Task to carry out:
In full and word for word, copy the records that follow.

[Information given — start]

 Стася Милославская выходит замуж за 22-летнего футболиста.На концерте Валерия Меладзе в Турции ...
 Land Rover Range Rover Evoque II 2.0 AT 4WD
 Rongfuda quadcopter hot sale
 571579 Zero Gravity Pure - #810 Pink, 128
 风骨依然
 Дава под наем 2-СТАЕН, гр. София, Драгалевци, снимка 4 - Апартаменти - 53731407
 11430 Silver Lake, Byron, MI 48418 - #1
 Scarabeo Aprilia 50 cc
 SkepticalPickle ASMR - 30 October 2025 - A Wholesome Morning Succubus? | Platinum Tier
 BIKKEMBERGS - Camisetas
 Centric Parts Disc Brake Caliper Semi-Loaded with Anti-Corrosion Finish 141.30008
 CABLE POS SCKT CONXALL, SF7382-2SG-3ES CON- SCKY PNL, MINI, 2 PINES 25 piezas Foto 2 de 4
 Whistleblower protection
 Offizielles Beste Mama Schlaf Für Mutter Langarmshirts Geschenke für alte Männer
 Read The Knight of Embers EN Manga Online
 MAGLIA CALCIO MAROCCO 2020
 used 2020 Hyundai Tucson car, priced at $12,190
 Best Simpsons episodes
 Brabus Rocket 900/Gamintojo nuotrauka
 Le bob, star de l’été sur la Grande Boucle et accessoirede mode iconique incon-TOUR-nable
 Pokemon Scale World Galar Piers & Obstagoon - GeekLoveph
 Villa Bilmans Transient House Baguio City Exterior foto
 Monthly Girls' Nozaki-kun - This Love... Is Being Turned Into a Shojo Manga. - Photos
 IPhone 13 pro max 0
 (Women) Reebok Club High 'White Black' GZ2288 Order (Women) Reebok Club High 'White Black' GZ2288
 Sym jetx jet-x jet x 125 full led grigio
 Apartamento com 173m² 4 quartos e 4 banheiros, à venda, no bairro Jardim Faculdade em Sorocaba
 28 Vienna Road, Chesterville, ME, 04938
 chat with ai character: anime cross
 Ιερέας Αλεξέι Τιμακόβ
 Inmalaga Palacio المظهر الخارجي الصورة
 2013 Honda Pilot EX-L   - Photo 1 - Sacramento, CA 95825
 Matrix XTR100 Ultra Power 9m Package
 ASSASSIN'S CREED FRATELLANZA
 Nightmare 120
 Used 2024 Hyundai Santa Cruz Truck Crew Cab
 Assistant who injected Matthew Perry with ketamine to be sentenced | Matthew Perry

[Information given — finish]

Problem solution:
 Стася Милославская выходит замуж за 22-летнего футболиста.На концерте Валерия Меладзе в Турции ...
 Land Rover Range Rover Evoque II 2.0 AT 4WD
 Rongfuda quadcopter hot sale
 571579 Zero Gravity Pure - #810 Pink, 128
 风骨依然
 Дава под наем 2-СТАЕН, гр. София, Драгалевци, снимка 4 - Апартаменти - 53731407
 11430 Silver Lake, Byron, MI 48418 - #1
 Scarabeo Aprilia 50 cc
 SkepticalPickle ASMR - 30 October 2025 - A Wholesome Morning Succubus? | Platinum Tier
 BIKKEMBERGS - Camisetas
 Centric Parts Disc Brake Caliper Semi-Loaded with Anti-Corrosion Finish 141.30008
 CABLE POS SCKT CONXALL, SF7382-2SG-3ES CON- SCKY PNL, MINI, 2 PINES 25 piezas Foto 2 de 4
 Whistleblower protection
 Offizielles Beste Mama Schlaf Für Mutter Langarmshirts Geschenke für alte Männer
 Read The Knight of Embers EN Manga Online
 MAGLIA CALCIO MAROCCO 2020
 used 2020 Hyundai Tucson car, priced at $12,190
 Best Simpsons episodes
 Brabus Rocket 900/Gamintojo nuotrauka
 Le bob, star de l’été sur la Grande Boucle et accessoirede mode iconique incon-TOUR-nable
 Pokemon Scale World Galar Piers & Obstagoon - GeekLoveph
 Villa Bilmans Transient House Baguio City Exterior foto
 Monthly Girls' Nozaki-kun - This Love... Is Being Turned Into a Shojo Manga. - Photos
 IPhone 13 pro max 0
 (Women) Reebok Club High 'White Black' GZ2288 Order (Women) Reebok Club High 'White Black' GZ2288
 Sym jetx jet-x jet x 125 full led grigio
 Apartamento com 173m² 4 quartos e 4 banheiros, à venda, no bairro Jardim Faculdade em Sorocaba
 28 Vienna Road, Chesterville, ME, 04938
 chat with ai character: anime cross
 Ιερέας Αλεξέι Τιμακόβ
 Inmalaga Palacio المظهر الخارجي الصورة
 2013 Honda Pilot EX-L   - Photo 1 - Sacramento, CA 95825
 Matrix XTR100 Ultra Power 9m Package
 ASSASSIN'S CREED FRATELLANZA
 Nightmare 120
 Used 2024 Hyundai Santa Cruz Truck Crew Cab
 Assistant who injected Matthew Perry with ketamine to be sentenced | Matthew Perry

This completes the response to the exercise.